Abstract

Estuarine sediment samples were collected from nine stations in St. Andrew Bay near Panama City, Florida, USA. Contrasting grain size and varying concentration of organic carbon allowed a comparative study of the relationships among organic degradation processes, sulfur cycling, and diagenetic removal of dissolved sulfide produced by bacterial sulfate reduction. Abundance and sulfur isotopic composition were determined for dissolved sulfide, dissolved sulfate, pyrite, humic-acid sulfur, fulvic-acid sulfur, and elemental sulfur. Presence of free dissolved sulfide and enrichment in 34S of porewater sulfate in samples from organic-rich, muddy sediments of St. Andrew Bay indicate high rates of sulfate reduction and anoxic conditions below 5 mm depth. Such conditions are not reflected in samples from organic-poor, sandy, near-shore sediments collected from highly productive areas occupied by seagrass beds.
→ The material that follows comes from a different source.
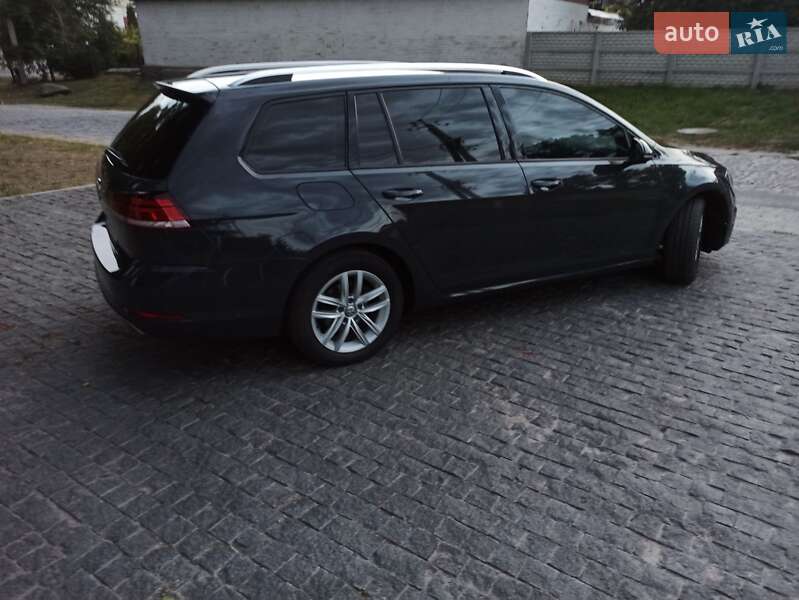 Универсал Volkswagen Golf 2018 в Гадяче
In this estuarine system, pyrite and fulvic-acid sulfur are the largest sinks for sulfide produced by bacterial sulfate reduction. Strong correlation between abundances of pyrite and fulvic-acid sulfur suggests coincident formation in the uppermost 10 cm of sediment. Large differences in isotopic composition between these two species and consistent enrichment in 34S of the fulvic-acid fraction, however, indicate two different reaction pathways. Abundance and sulfur isotopic composition of humic-acid and fulvic-acid sulfur suggest that organic sulfur is derived from mixing between (1) 34S-depleted sulfur with an unknown oxidation state that was recycled from bacterial hydrogen sulfide and (2) 34S-enriched sulfur interpreted as primary biosynthetic sulfur originally assimilated from dissolved sulfate. Samples taken from sandy sediment localities where aquatic vascular plants are rooted in the anoxic zone show a strong depletion in 34S in the fulvic-acid sulfur fraction suggesting recycled hydrogen sulfide as the dominant source of organic sulfur.